Natalie
stunningsuperiorself-assured
Power is an accessory. It is like a piece of exquisite jewelry that never goes out of style. Anyone who's anybody is sure to have it. And just like an extravagant diamond necklace, no one wants to keep it hidden. When you have it, why not flaunt it?
That's what I was raised to believe. I was told to show off my wealth by flaunting fancy, designer clothing, I was to display my superior knowledge through cunning and strategy, and I was to exhibit my power through sheer ruthlessness. Nothing that reaffirmed my unsurpassed supremacy was to remain hidden.
Power isn't something that you keep a secret. What you do with it, maybe, but power itself? Not at all. The more you flaunt it, the more of it you will have. It is something that a person wears on their sleeve, determining their importance and superiority in the world. All of my life, I've been attending exquisite social events with the upper crust of society, and every time, the guests and hosts are judged by their outward appearances.

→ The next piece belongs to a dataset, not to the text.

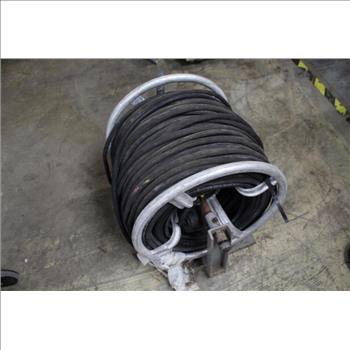 240V Power Cord And Cable Puller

Who has the flashiest necklace? Who has the most stylish shoes? Who has the fanciest purse? Power is exactly like that. People judge you by how much you have, so you had better flaunt it when you've got it.
Accumulating power is just another hobby of the rich. Just as they collect shoes or antiques, they collect power. The funny thing, though, is that it never gets old. Unlike an outdated pair of shoes, its only use being to adorn the feet of a commoner, power never falls from favor. But, like collecting shoes or with any other hobby, it is a contest. Who has the best? Who has the brightest? Who has the most?
It is simply another rat race.
I was once a part of it; I was one of the top competitors in the contest. Never was I far from the front. The end always seemed to be in sight. Now, however, I feel like giving up. It has finally drained me, worn me down. I've grown tired of it, what it has done to me. I feel like one of those hamsters on a wheel, running forever and ever, but never getting anywhere. That, I suppose, is what finally got to me. It was a sudden realization that made me question everything that I had been born into, everything I had been raised to believe.
This rat race that we are running - it will never, ever end. There are no winners.